___ Input for this task

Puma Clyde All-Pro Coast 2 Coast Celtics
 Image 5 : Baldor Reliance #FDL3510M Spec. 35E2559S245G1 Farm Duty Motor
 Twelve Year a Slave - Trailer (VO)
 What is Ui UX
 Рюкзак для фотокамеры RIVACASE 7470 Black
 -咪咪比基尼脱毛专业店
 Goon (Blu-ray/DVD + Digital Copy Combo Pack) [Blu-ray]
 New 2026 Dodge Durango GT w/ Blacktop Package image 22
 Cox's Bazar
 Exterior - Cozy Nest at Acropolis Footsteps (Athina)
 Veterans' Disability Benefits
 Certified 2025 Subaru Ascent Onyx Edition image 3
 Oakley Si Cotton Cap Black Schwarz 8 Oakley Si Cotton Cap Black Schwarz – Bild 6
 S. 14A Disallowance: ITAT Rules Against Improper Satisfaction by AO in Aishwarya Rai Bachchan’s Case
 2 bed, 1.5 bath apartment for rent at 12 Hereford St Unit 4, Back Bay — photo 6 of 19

______

**Assignment**
Of all the entries above, output exactly the lines between the one holding "Twelve Year a Slave - Trailer (VO)" and the one holding "Certified 2025 Subaru", inclusive.

**Expected answer**
 Twelve Year a Slave - Trailer (VO)
 What is Ui UX
 Рюкзак для фотокамеры RIVACASE 7470 Black
 -咪咪比基尼脱毛专业店
 Goon (Blu-ray/DVD + Digital Copy Combo Pack) [Blu-ray]
 New 2026 Dodge Durango GT w/ Blacktop Package image 22
 Cox's Bazar
 Exterior - Cozy Nest at Acropolis Footsteps (Athina)
 Veterans' Disability Benefits
 Certified 2025 Subaru Ascent Onyx Edition image 3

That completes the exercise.